La KODAK era leggera, compatta e non era necessario che il fotografo sviluppasse da sè le
sue foto; la fotocamera era fornita di una pellicola con cui si facevano 100 fotografie:
finita la pellicola la si portava alla KODAK che la sviluppava e restituiva le lastre
adatte per la stampa a contatto.
Verso la fine degli anni '20, la Germania, propose i più sostanziali miglioramenti
tecno-ottici e nel 1924 la LEUTZ presentò la famosa LEICA. Nel 1947 l'invenzione da parte
di EDWIN LAND della POLAROID bianco e nero.
Possiamo far risalire la nascita della fotografia a colori al 1861, allorché il fisico
scozzese JAMES MAXWELL tenne una conferenza in cui dimostrò come fosse possibile creare
tutte le sfumature cromatiche mediante equilibrate addizioni di luce di colore uguale a
quello dei 3 colori primari (rosso, verde, blu).

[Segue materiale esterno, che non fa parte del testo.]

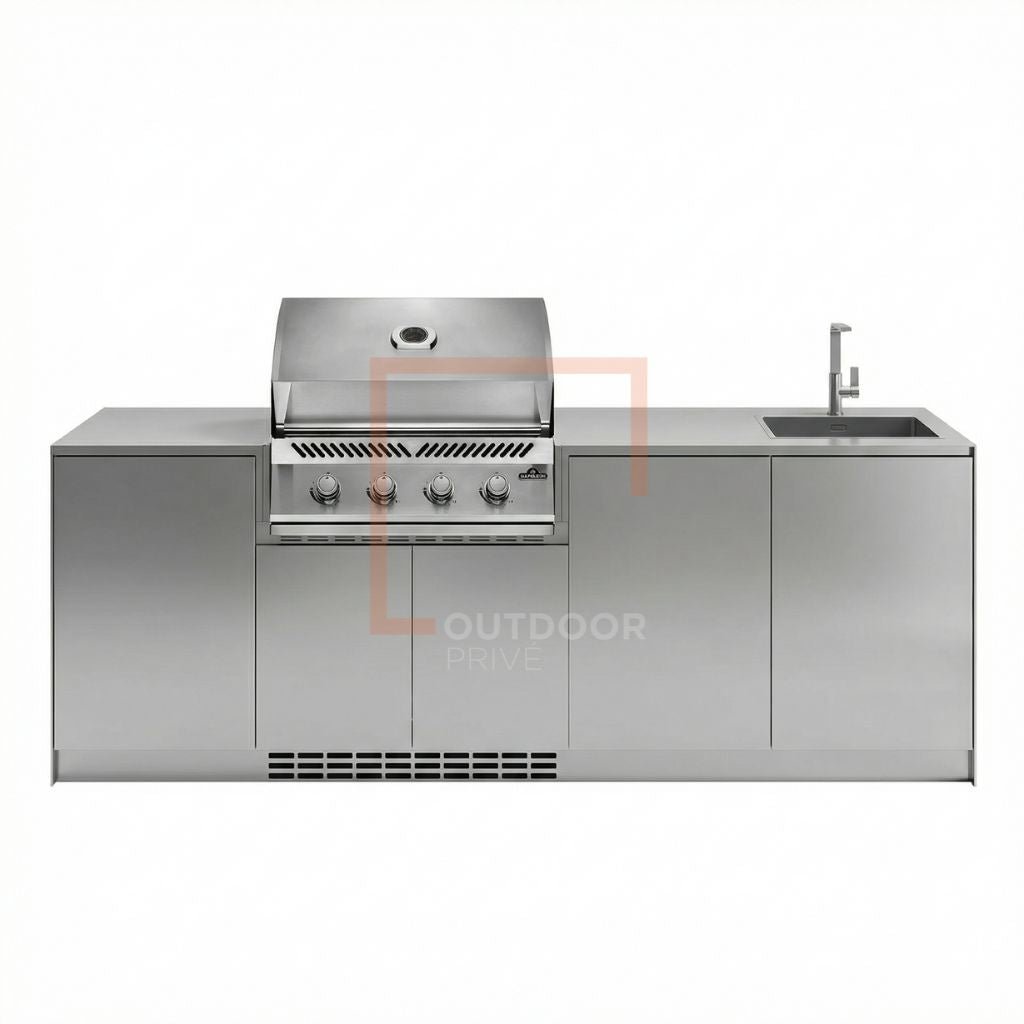 Cucina da esterno a parete OF OutdoorKitchens Via Nolfi 529 – lavello e bbq a gas - Outdoor Privé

Questa era la prima applicazione del
sistema che verrà definito SINTESI CROMATICA ADDITIVA.
Il francese LOUIS DUCOS nel suo libro "LES COULEURS EN FOTOGRAFIE: SOLUTION DU
PROBLEME", nel 1869 stabilì tutti i principi basilari della moderna fotografia a
colori, sia quella della sintesi additiva, sia quello della sintesi sotrattiva.
Nel 1906 WRATTEN e WANWRIGHT presentarono a Londra la lastra pancromatica sensibile a
tutti i colori dello spettro; ma questa invenzione era una copia di quello che fu
realizzato nel 1904 da AUGUSTE e LOUIS LUMIERE che successivamente la brevettarono.

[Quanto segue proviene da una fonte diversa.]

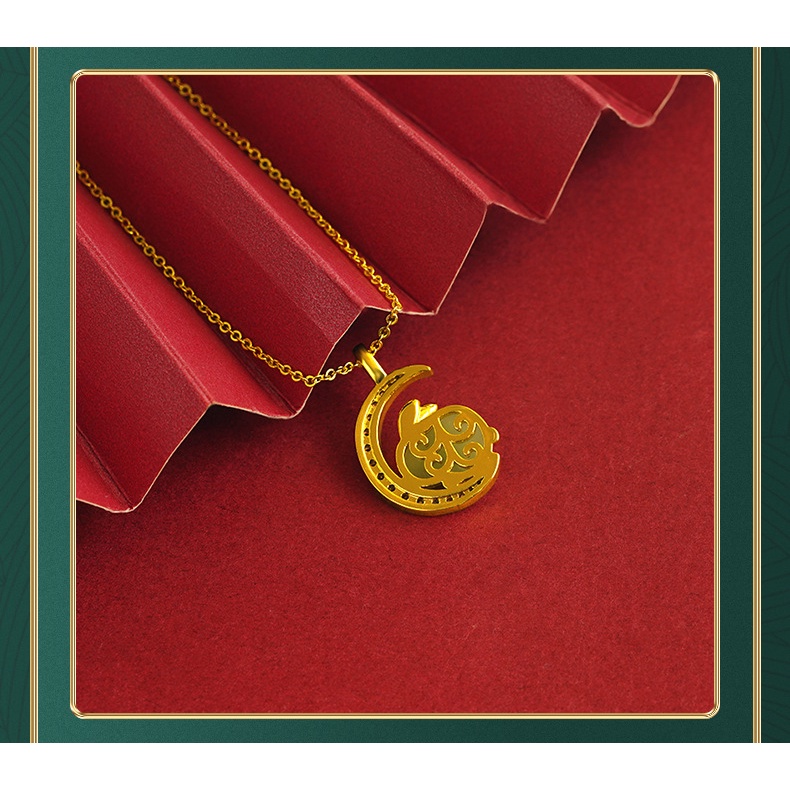 Goldkingdom Perhiasan Fashion Emas Asli Kadar 375Bangkok Aksesoris Ready Stock Cute Cute Rabbit Kalung Manis Gaya Wanita Permata Berlapis Emas Kepribadian Liontin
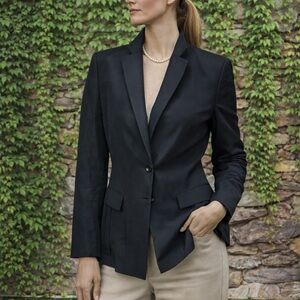 VINTAGE RICHARD TYLER Black Silk snd Linen Blend Blazer, 10
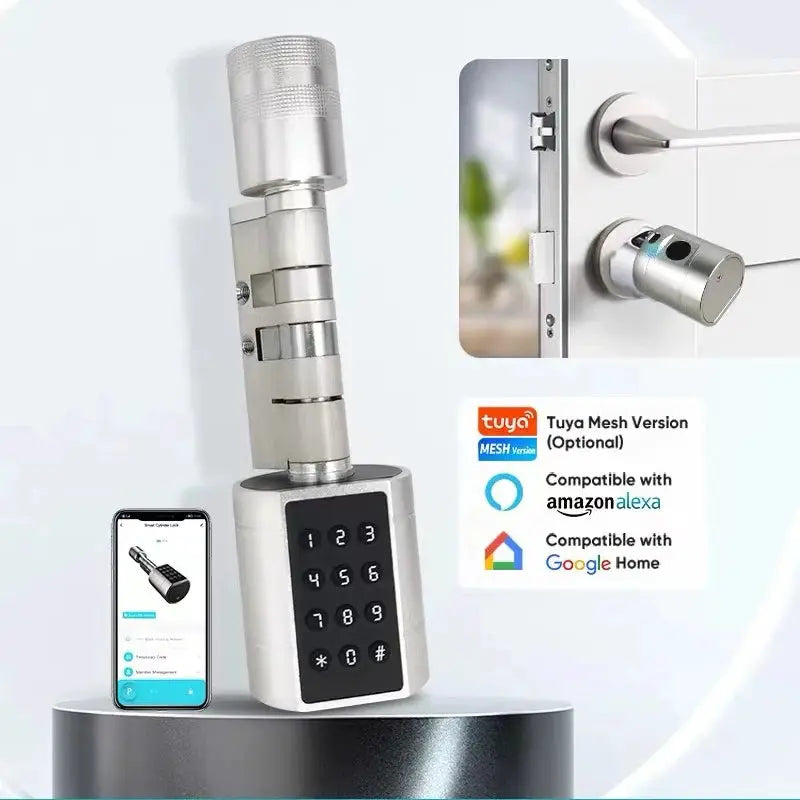 Tuya APP fingerprint cylinder smart door lock by Simples Market; silver metal, works with Alexa/Google Home.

Tra gli anni 30-40 due musicisti MANNES e GODOWSKY con un lavoro d'équipe, con i tecnici
della ESTMAN-KODAK produssero la prima pellicola KODACHROME, che si usa tuttora.
Nel 1942 la KODAK rende disponibili le prime pellicole per la fotografia all'infrarosso.
L'ultimo notevole progresso verificatosi nell'ambito della fotografia a colori, è stato
nel 1963, con l'invenzione di un sistema per ottenere all'istante e automaticamente stampe
a colori: il processo sviluppato per le proprie fotocamere della POLAROID.